Credit costs to remain elevated; normalcy in MFI business to drive gradual easing
Credit costs are likely to remain elevated in the near term, driven by higher slippages, mainly from the MFI and select retail segments. In 4QFY25, total slippages surged to INR50.1b, with MFI alone contributing over INR35b, and this trend is expected to remain elevated in 1Q as well. The deterioration reflects industry-wide stress, inaccurate classification-related reversals, and specific challenges such as developments in Karnataka. While the Corporate and Vehicle Finance portfolios remain relatively stable, the bank expects MFI-related stress to persist through 1HFY26 before gradually tapering off. As a result, overall credit costs for FY26 are expected to remain elevated, despite stable trends outside the MFI book. We expect overall credit costs at 155bp/140bp over FY26/27.

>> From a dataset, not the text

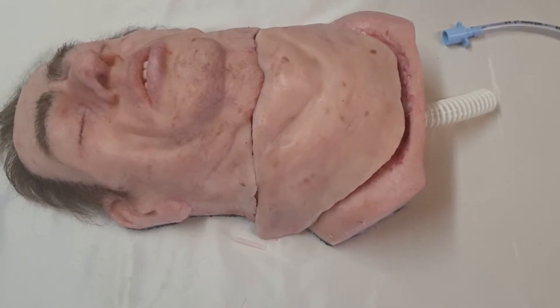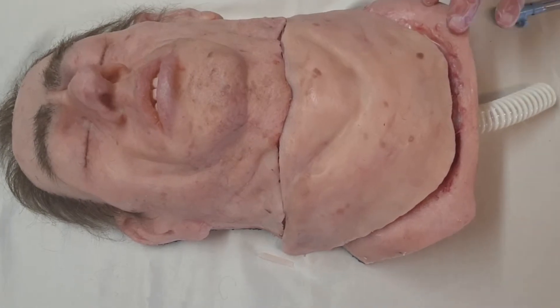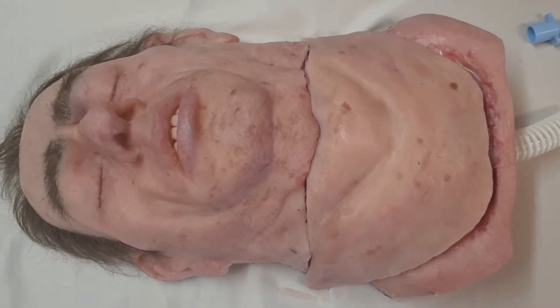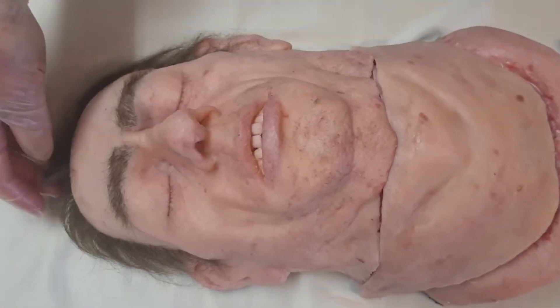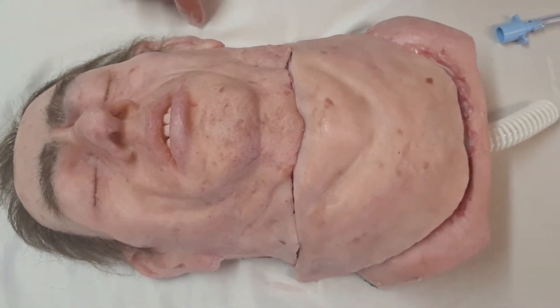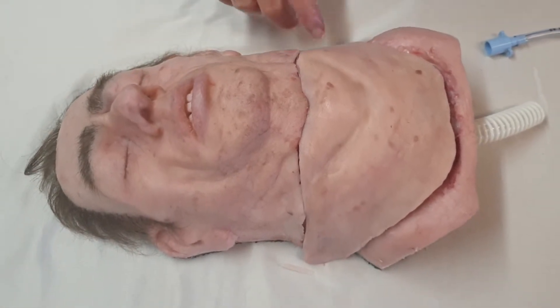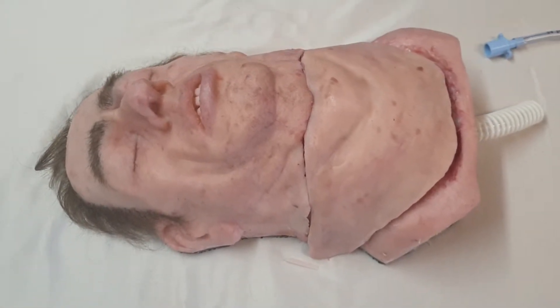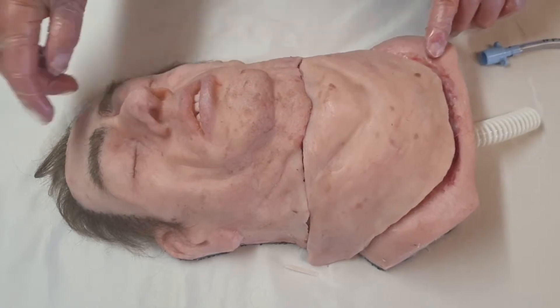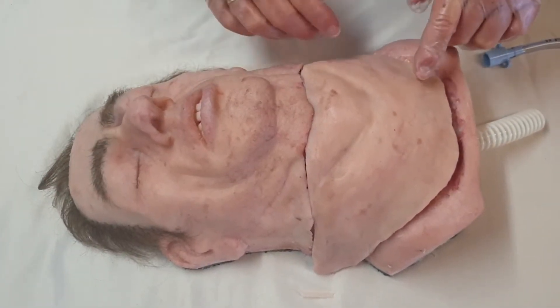In this video I am going to show you how to work with Big Clint, our fat neck model. Big Clint is developed with anesthetists here in New Zealand, and there was a requirement for access to a fat neck person. You can see here that Big Clint has got a normal face and a separate neck.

Profitability undergoes reset; RoA to recover to 1% by FY28
FY25 marked a difficult year for IIB, as profitability was marred by several discrepancies. While the bank has already provided for the anomalies and recognized their due impacts in 4QFY25 results, the recovery hereon is expected to be gradual. The mix of high-yielding segments is likely to moderate further, and a cautious approach will result in measured business and revenue growth. Consequently, FY26 is expected to remain modest, with business growth lagging behind the system. RoA is, therefore, expected to remain suppressed at ~0.5% in FY26, gradually recovering to ~1% by FY28.

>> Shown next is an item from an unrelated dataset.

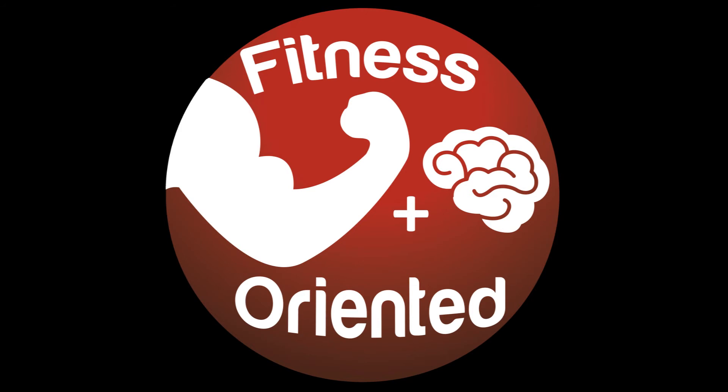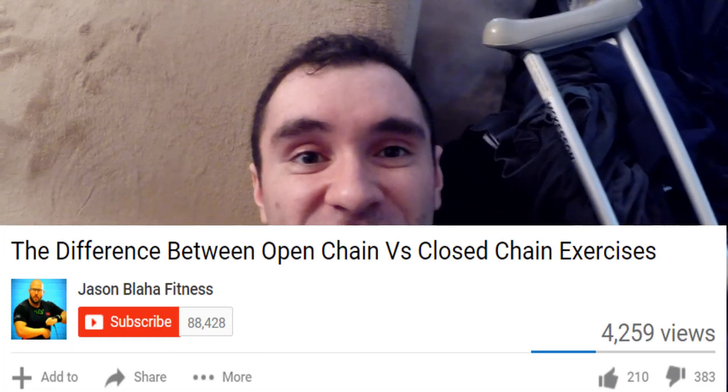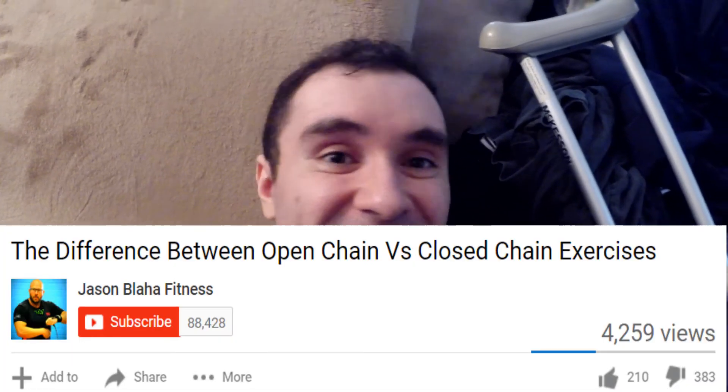What's up, Jeff here again to orient your fitness in the right direction. Jason Blaha made a video today on open and closed chain exercises and it inspired me to make this video.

Valuation and view: Reiterate Neutral with a revised TP of INR800
IIB has witnessed a steep decline in operating performance due to asset quality issues and accounting discrepancies. While the bank has recognized the due impact from these abnormalities, near-term pressure on margins and elevated provisioning are likely to continue suppressing RoA recovery in the near term. The bank also utilized its contingent buffer during 4QFY25, while the upcoming implementation of ECL could add to credit cost pressures in the coming years. On a positive note, the names of three seasoned private sector bankers have been submitted to the RBI for consideration (according to media reports; refer to Exhibit 1). Clarity on the appointment of the new CEO and the strategic direction under their leadership will be key to providing better visibility on the bank’s growth outlook and overall strategy. Given ongoing uncertainties and continued softness in operating performance, we reiterate our Neutral rating. However, we take off the bear case multiples previously attributed to the stock due to heightened irregularities and lack of confidence in the reported numbers, even as our earnings estimates broadly remain unchanged. We revise our TP to INR800 (vs INR650 earlier) based on 0.9x FY27E ABV.